The tower has a slow lift, but at the top of the tower it provides great views of the city and the surrounding countryside.
A plan was made, we would have dinner at Springfield Quay and go to the cinema. We walked along the river and crossed various bridges; finally we were eating in the Harvester - service good, food was fine too. Across the car park we went to the Odeon Cinema and watched "Toy Story 3" 3D.
We missed the rain and had a pleasant walk along the riverside and back to the hotel. Arriving back at 23.30; only 14 hours after we left.
"Day 4: The last day and things were open"
The days started early and we did our packing - breakfast was as in previous mornings. It was going to be a long and short day in Glasgow. I wrote my postcards then we made our way into another part of Glasgow - this time on foot.
We walked to St George's square called into the tourist bureau and then made our way away from the central area.
Our first stop was The Barony - which was a church, but is now owned by Strathclyde University and acts as a graduation and function hall. We got a short tour by an energetic attendant.
Walking a short distance up the nearby road - we called into Provands Lordship, which is Glasgow's oldest house. It is a museum and well worth a visit.

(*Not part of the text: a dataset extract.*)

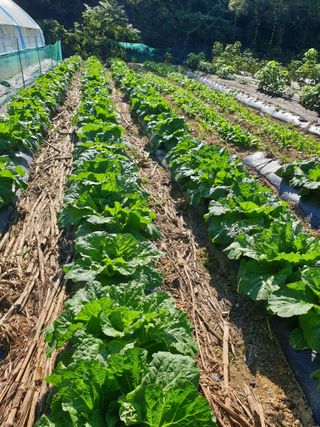 샤이니바다님의 기타작물 · 영농일지 작성글 사진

Directly across the street is the St Mungo Museum and the Glasgow Necropolis. The museum is worth a visit - it is the home of many faiths. they have a good coffee shop and gift shop.
Sadly we did not visit the Necropolis, time was wearing on and we had to get back to the hotel and then the station.
We did find time to visit the Cathedral of St Mungo - which seemed to be full of Dutch people!
Walking back to the central area, we called into the art centre that is Trongate 103 - it had several good exhibitions and workshops.
Finally we called into the St Enoch shopping centre and then into the Blue Lagoon for food. The hotel then the station.
At 18.30 we were on the train back to London. We arrived at Euston Station at 23.38 and I was home in Uxbridge by 00.40.